[Available data Boundary: Start]
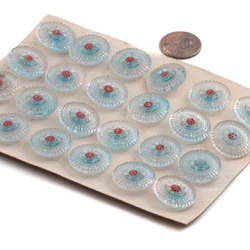 Card vintage Czech 1930's red flower aqua blue glass buttons 18mm hand painted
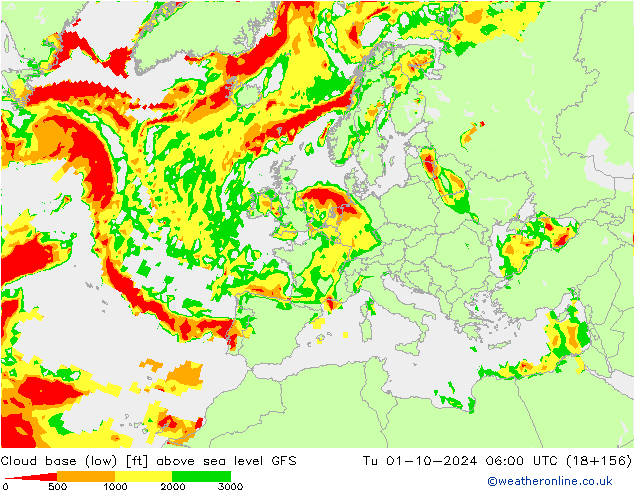 Cloud base (low) GFS Ter 01.10.2024 06 UTC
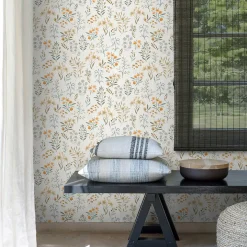 Papier peint vinyle intissé fleuri beige, jaune L.53 x l.1005 cm Grandeco Poésie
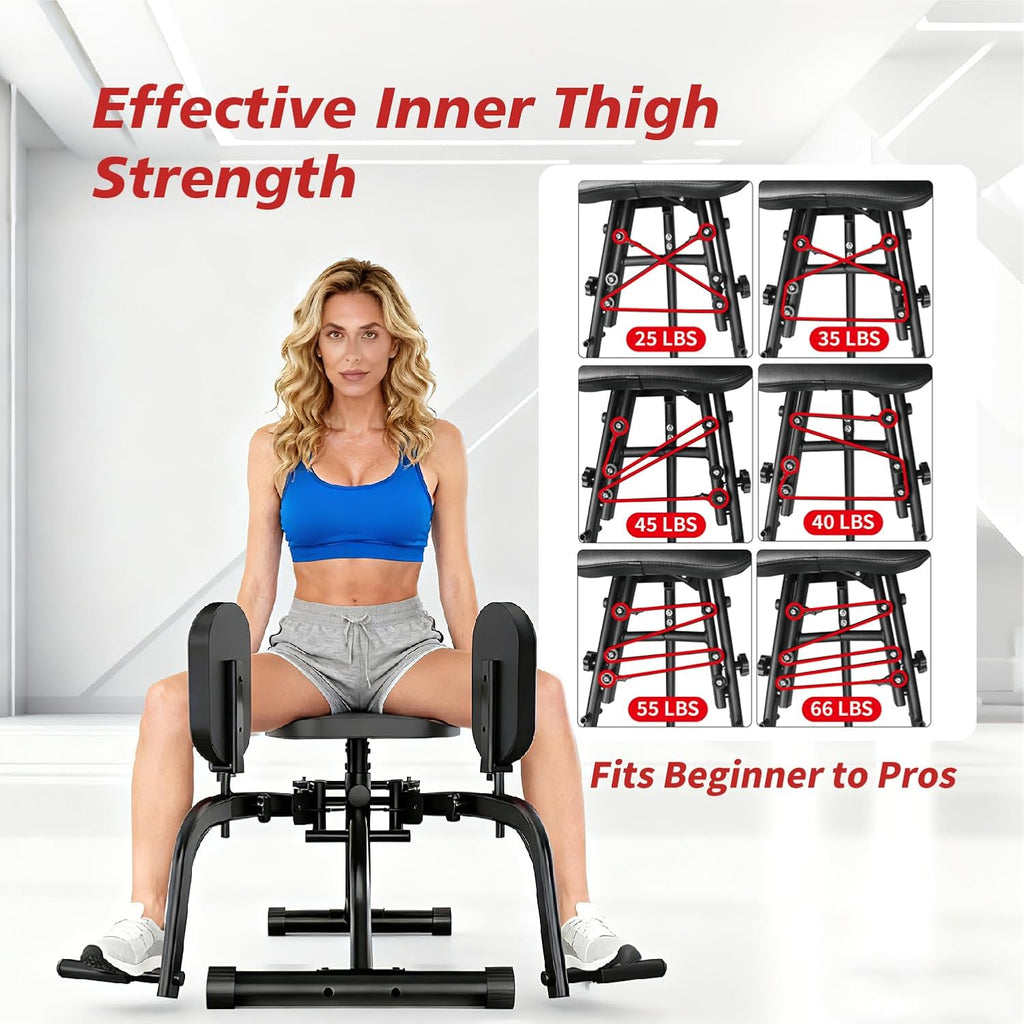 Hip Adduction Abduction Machine by SEWD – Home Gym Inner/Outer Thigh Trainer for Strength Training, Two in One Compact Glute & Thigh Workout Equipment.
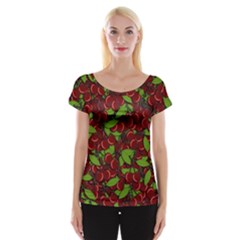 Cherry pattern Women s Cap Sleeve Top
[Available data Boundary: End]
:: Brief ::
Return only the lines from the one that contains "Hip Adduction Abduction" through the closing line of the data, inclusive, reproduced exactly and with every picture left out.

:: Task response ::
 Hip Adduction Abduction Machine by SEWD – Home Gym Inner/Outer Thigh Trainer for Strength Training, Two in One Compact Glute & Thigh Workout Equipment.
 Cherry pattern Women s Cap Sleeve Top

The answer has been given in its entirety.